Market outlook July 2022 month-on-month development
AMNO - North America, ASPA- Asia-Pacific, EURO – Europe, AMLA & MX – Latin America and Mexica, MENAT - Middle East and North Africa,SSA - Sub-Saharan Africa
· Asia-Pacific - Europe
The port congestion in Europe is still a major issue which delays schedules and more blank sailings have been announced by all carriers and alliances. The equipment situation remains tight, especially for 40HC equipment
· Asia-Pacific-North America
With Shanghai gradually returning to normalcy, factory production is picking up and volume are improving from July.
· Europe-North America (USA)
Tariff negotiations on the West Coast between the ILWU (Longshoremen union) and PMA (Pacific Maritime Association) are ongoing. Neither party is preparing for a strike or a lockout.. The parties are committed to reach an agreement. Truck and especially chassis availability remain a concerning topic. Port omissions will continue as carriers are aiming to compensate vessel delays caused by the ongoing congestions
No big issues with capacities. Rate-wise, it is mostly seen reductions to Asia.
Capacity remains stable for Q3.
Rates and Capacity are stabilizing after the blitz of Imports and carriers prioritizing empties back to Asia.
Shortage of ships
Ocean carriers are being forced to make difficult choices as there are not enough container ships to fully staff all regular liner services.

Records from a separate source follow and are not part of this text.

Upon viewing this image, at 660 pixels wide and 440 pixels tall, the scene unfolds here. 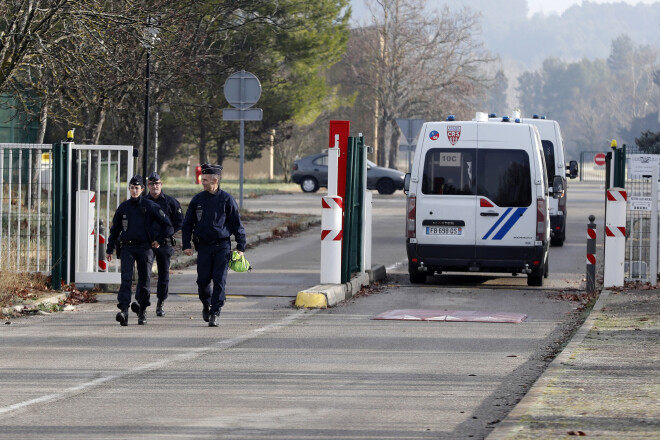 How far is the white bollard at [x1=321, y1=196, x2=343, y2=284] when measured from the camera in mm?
15672

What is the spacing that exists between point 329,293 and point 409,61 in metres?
52.5

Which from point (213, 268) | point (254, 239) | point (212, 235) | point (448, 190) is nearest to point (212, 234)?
point (212, 235)

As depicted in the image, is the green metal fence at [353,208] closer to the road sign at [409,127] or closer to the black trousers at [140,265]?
the black trousers at [140,265]

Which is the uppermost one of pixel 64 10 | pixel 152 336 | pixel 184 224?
pixel 64 10

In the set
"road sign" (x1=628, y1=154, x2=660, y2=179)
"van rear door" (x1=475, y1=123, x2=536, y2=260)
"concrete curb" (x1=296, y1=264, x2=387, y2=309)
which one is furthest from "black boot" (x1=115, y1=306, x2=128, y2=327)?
"road sign" (x1=628, y1=154, x2=660, y2=179)

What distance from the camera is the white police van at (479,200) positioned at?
55.0 feet

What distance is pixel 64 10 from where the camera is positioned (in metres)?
16.2

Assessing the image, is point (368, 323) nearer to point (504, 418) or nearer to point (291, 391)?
point (291, 391)

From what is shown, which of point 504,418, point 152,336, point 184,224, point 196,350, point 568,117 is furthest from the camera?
point 568,117

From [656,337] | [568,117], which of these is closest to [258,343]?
[656,337]

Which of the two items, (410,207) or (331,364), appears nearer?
(331,364)

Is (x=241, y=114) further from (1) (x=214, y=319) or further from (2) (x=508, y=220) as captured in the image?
(1) (x=214, y=319)

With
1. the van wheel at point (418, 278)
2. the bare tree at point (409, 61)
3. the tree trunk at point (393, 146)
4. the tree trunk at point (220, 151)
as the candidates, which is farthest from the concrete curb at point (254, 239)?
the tree trunk at point (393, 146)

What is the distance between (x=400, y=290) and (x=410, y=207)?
1158 millimetres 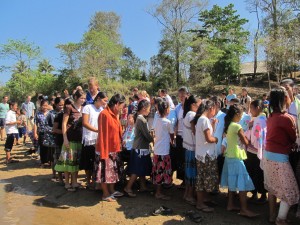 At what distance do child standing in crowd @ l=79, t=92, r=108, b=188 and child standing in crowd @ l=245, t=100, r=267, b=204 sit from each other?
2.74 m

- Fourteen deep sea liner services are currently missing half (or more) of the number of ships required to guarantee a fixed weekly sailing frequency.
- Five loops are even missing all of their ships and could be considered as ‘temporarily suspended’.

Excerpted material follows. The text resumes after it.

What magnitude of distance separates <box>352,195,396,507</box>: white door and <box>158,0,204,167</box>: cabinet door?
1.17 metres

- In order to mitigate consequences for shippers, carriers provide alternatives by adding ad hoc calls on other loops or deploying numerous ships with very flexible routings. Currently 52 ships (representing a capacity of 270,100 TEU) are deployed as extra sailors on the Asia – North America trade.
- The capacity reduction feeder services has allowed carriers to shift tonnage to other trades. However the redeployment has a minimal impact on the worldwide shortage of container ships, as the 80,700 TEU of fleet capacity which has been transferred routes only represents 0.3% of the global container fleet.
Container-ship building: new orders still rising
The price of newbuild container ships keep rising, yet liner operators and ship-owning companies keep placing more orders at Asian yards, guaranteeing an ever-larger deluge of new vessels in 2023-25.
Capacity on order has now reached 27.9% of on-the-water capacity, according to Alphaliner. The ratio was a mere 8.2% at the cycle low in October 2020 .
Total capacity on order now tops 7 million twenty-foot equivalent units. The next two years will see major capacity infusions, according to Clarksons Platou Securities: 2.45 million TEUs in 2023 and 2.74 million TEUs — 9.8% and 10.9%, respectively, of on-the-water tonnage.
MSC has by far the largest order book, at 1,482,178 TEUs, according to Alphaliner (including chartered ships ordered by intermediaries). MSC’s order book capacity is now 33.4% of its on-the-water fleet. Evergreen has an order book-to-fleet ratio of 36.7%, with ONE at 30% and Zim (NYSE: ZIM) at 82.3%.
The order book has grown bigger than the combined capacity of the existing fleets of the world’s fourth, fifth and sixth largest carriers: Cosco Shipping, Hapag-Lloyd and Evergreen .
Most of the new vessels don’t come on-stream until the second half of 2023. That’s when we would start to see a material impact on the supply-demand balance.